How can a parent grow with their adolescent? Increasing the adolescent's accountability and responsibility at home may be helpful. Allow your child to create boundaries in their lives. Have them participate in the construction of rules and consequences for inappropriate behavior. Ask them what their examples of inappropriate behavior are; what justifies punishment, and the hierarchy of punishment. For example, is receiving a D in a class punishable by grounding? If poor school performance continues, should car privileges then be revoked? This will increase feelings of self-governance. Autonomy has been found to increase adolescents' school performance and self-esteem. Furthermore, harmony and mutual understanding will be created between parent/guardian and child since the adolescent feels in control and positively regarded.

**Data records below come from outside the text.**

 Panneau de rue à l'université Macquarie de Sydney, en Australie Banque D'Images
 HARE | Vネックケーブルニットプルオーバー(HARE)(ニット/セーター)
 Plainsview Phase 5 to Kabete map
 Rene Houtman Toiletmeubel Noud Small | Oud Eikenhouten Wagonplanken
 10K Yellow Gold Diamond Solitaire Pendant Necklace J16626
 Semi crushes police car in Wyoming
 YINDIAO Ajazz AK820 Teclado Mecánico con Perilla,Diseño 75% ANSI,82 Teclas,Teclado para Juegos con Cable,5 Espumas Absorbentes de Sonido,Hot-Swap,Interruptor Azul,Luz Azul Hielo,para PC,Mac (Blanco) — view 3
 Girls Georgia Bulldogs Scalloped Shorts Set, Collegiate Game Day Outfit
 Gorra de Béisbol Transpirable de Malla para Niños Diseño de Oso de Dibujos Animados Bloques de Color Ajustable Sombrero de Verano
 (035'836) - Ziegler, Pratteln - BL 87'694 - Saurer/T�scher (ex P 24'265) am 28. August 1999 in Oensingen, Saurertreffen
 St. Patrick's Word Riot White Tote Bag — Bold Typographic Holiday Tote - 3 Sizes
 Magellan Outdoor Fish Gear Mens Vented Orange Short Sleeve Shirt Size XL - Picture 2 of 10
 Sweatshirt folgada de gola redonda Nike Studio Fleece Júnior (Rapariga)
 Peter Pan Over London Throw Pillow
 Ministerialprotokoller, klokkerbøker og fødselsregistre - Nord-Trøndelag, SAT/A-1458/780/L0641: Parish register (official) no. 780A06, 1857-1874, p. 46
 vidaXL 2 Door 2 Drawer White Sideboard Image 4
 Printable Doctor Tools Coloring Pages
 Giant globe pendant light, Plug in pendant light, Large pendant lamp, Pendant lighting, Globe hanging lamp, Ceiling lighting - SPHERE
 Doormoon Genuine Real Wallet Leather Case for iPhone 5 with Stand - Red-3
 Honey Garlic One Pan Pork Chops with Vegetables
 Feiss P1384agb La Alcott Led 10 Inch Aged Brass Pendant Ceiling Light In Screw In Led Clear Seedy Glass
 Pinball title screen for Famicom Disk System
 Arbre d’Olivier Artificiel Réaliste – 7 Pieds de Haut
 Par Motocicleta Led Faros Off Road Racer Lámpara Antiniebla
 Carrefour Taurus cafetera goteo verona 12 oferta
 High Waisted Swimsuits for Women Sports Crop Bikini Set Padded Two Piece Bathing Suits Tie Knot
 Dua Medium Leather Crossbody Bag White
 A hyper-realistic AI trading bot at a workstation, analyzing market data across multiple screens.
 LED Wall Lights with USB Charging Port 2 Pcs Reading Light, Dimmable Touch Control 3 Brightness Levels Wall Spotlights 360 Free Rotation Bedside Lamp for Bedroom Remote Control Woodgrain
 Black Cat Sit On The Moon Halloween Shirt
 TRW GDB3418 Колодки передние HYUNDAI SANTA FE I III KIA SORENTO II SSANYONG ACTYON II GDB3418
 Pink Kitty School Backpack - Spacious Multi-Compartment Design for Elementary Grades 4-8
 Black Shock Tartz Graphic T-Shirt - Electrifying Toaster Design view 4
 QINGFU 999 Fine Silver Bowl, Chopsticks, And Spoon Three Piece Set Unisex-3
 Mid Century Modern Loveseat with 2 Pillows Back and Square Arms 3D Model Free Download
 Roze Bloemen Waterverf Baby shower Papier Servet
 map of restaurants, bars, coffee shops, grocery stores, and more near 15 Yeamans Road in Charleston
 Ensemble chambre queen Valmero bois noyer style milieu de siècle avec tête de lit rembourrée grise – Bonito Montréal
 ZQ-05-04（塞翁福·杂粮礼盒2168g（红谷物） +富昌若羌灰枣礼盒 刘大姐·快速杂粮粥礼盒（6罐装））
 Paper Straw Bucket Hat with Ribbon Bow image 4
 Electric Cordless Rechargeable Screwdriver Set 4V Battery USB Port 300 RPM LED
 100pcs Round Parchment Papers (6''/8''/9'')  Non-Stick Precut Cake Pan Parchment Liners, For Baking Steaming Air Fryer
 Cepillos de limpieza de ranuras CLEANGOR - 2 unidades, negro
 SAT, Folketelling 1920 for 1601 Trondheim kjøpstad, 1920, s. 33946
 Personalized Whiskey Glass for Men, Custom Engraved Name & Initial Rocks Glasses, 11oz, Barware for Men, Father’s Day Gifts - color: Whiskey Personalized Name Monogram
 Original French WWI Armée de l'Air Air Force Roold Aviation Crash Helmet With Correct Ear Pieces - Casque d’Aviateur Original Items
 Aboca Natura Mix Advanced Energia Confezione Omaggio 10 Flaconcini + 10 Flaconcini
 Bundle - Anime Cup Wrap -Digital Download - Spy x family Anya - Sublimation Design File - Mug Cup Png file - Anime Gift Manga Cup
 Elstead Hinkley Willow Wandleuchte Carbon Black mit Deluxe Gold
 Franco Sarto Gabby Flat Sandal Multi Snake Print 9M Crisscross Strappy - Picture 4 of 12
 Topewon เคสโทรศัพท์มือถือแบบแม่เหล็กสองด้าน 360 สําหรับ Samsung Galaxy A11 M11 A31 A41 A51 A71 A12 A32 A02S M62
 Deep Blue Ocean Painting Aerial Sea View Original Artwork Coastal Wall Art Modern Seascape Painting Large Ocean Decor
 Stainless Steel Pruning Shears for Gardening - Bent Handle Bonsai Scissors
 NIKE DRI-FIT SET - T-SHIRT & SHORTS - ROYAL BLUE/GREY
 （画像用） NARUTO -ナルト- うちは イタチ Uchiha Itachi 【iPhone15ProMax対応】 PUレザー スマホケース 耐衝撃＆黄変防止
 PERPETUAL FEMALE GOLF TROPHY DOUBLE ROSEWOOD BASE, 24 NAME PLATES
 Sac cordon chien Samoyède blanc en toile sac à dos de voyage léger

Sometimes, parents feel like they're talking to a brick wall when discussing things with their teen. It can feel like a one way conversation. Asserting power or imposing fault onto the child results in an argumentative disagreement and consequently resistance to change. Clearly explaining the reasons for reprimand are vital to clear verbal exchange and healthy relationships. Ask yourself "Am I explaining what the behavior was that was negative and why I think it was wrong?" Be receptive to your adolescent's opinion and perspective. This can open up the lines of communication. Have you stopped to listen to what your child feels/thinks about the situation instead of trying to impose your thoughts? Being more open to their thoughts will not only bridge the gap between parent and teen but will also teach them the concept of mutual respect, tolerance and understanding. Equality in any relationship can be obtained if we:
- remain thoughtfully and calmly engaged in an argument,
- clearly explain our stance,
- allow the other to take his/her stance,
- acknowledge their legitimate position and consider changing your initial position.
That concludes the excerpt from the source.